Os Crimes da Rua Morgue - Cap. 1: Os crimes da Rua Morgue Pág. 24 / 42

O inglês pensa que se trata de um alemão e «não percebe alemão». O espanhol tem «a certeza» que era um inglês, mas «calcula pela entoação», já que «não tem conhecimentos de inglês». O italiano acha que era a voz de um russo, «mas nunca conversou com um nativo da Rússia». Um outro francês discorda do primeiro e declara que a voz era de um italiano; mas, como não conhece essa língua, faz como o espanhol e «baseia-se na entoação», que estranha e invulgar devia ser na realidade essa voz para suscitar tantas e tão controversas testemunhas! Uma voz em cuja entoação indivíduos das cinco grandes nações europeias não conseguiram encontrar nada de familiar! Dir-me-ás que podia ser a voz de um africano ou de um asiático. Nem os africanos nem os asiáticos abundam em Paris; mas sem negar essa possibilidade, chamo a tua atenção para três pontos. Uma das testemunhas define assim a voz: «mais áspera que aguda». Outras duas dizem que falava «num tom rápido e aos sacões», e nenhuma delas conseguiu distinguir palavras nem sons semelhantes a palavras.

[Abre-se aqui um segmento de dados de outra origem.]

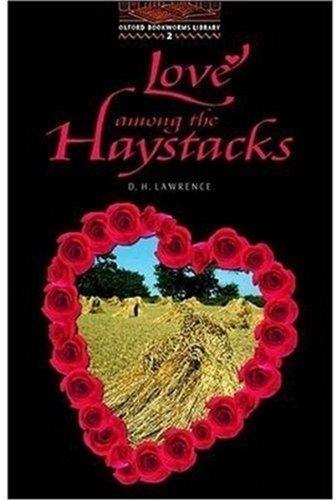 Kniha: Love Among the Haystacks - D.H. Lawrence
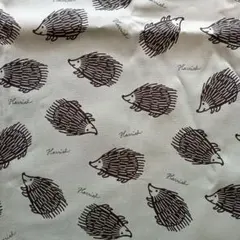 リサラーソン 生地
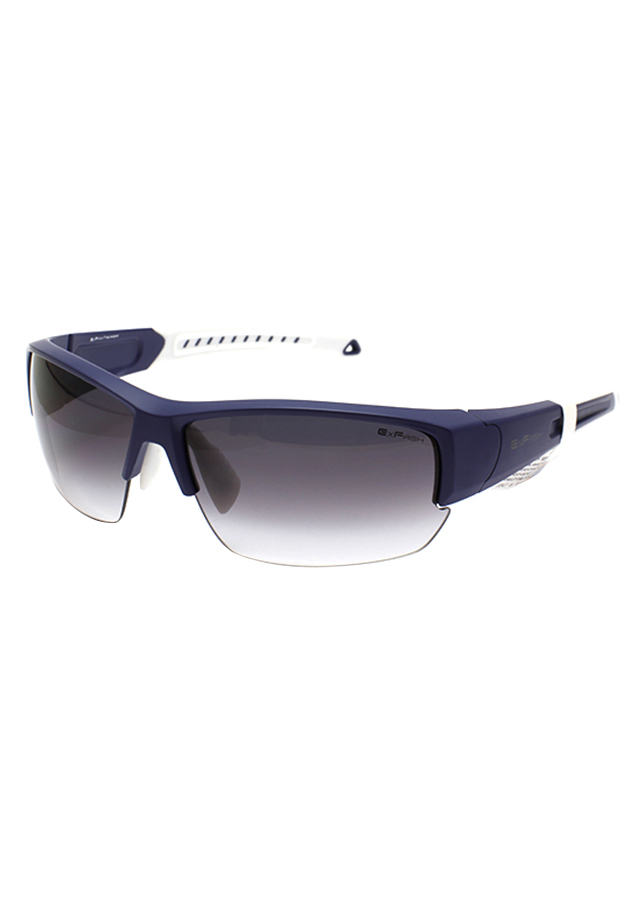 Kính Mát Nam Exfash EF6780 C19 - Tím Khói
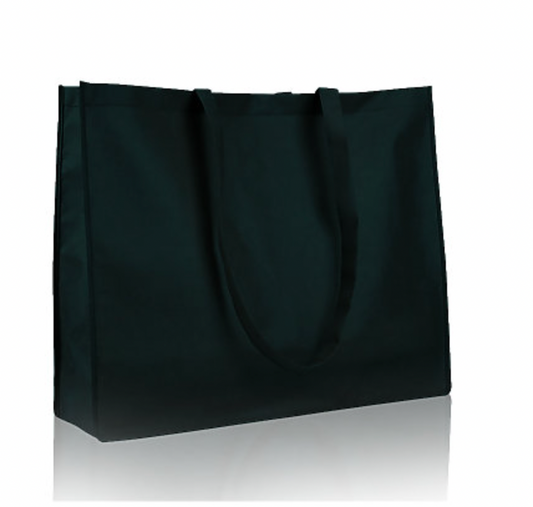 Q-Tees Non Woven Tote Bag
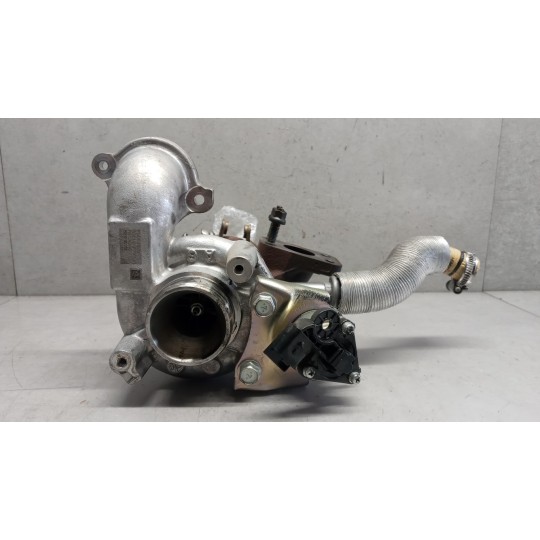 TURBINA CITROEN C3 2013>2016 usato
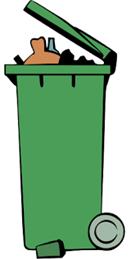 Waste Service Changes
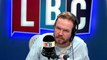 James O'Brien Takes On Russian Caller Over Salisbury Poisoning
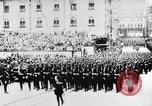 Image of German remilitarization and Anschluss Germany, 1938, second 59 stock footage video 65675050457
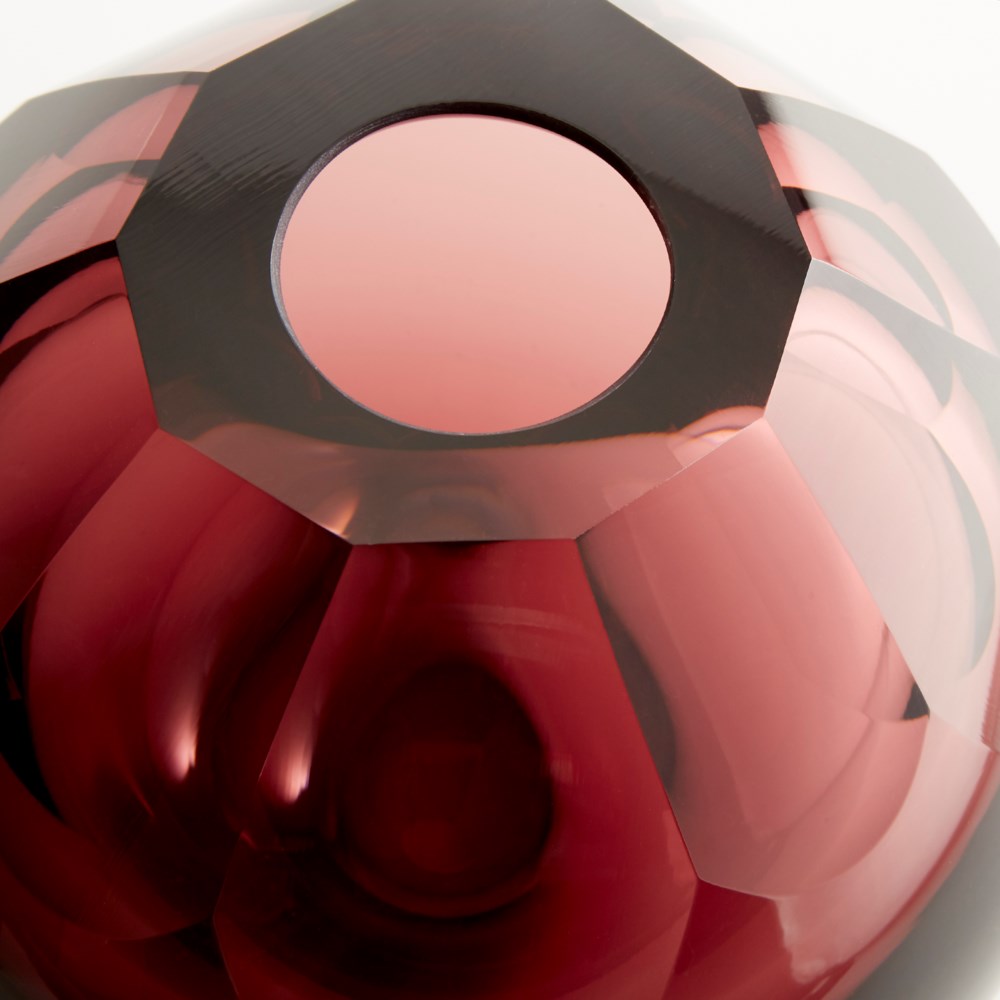 Large Rosalind Vase | Vases | Modishstore - 3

»Não sei - continuou Dupin - que impressão pude produzir no teu espírito; mas não hesito em afirmar que se podem fazer deduções legítimas desta parte dos depoimentos (a parte referente à voz rouca e à voz aguda), deduções mais que suficientes para criar uma suspeita que poderá levar à solução do mistério. Eu disse «deduções legítimas»; mas esta expressão não traduz fielmente o meu pensamento. O que eu quero dizer é que estas deduções são as únicas correctas e que a suspeita surge como o seu corolário inevitável. Contudo não te direi já que suspeita é essa. Só quero que compreendas que foi suficiente para dar uma forma definida, uma certa orientação, às investigações que fiz no quarto.

»Deixemos agora que a nossa imaginação nos transporte ao local do crime.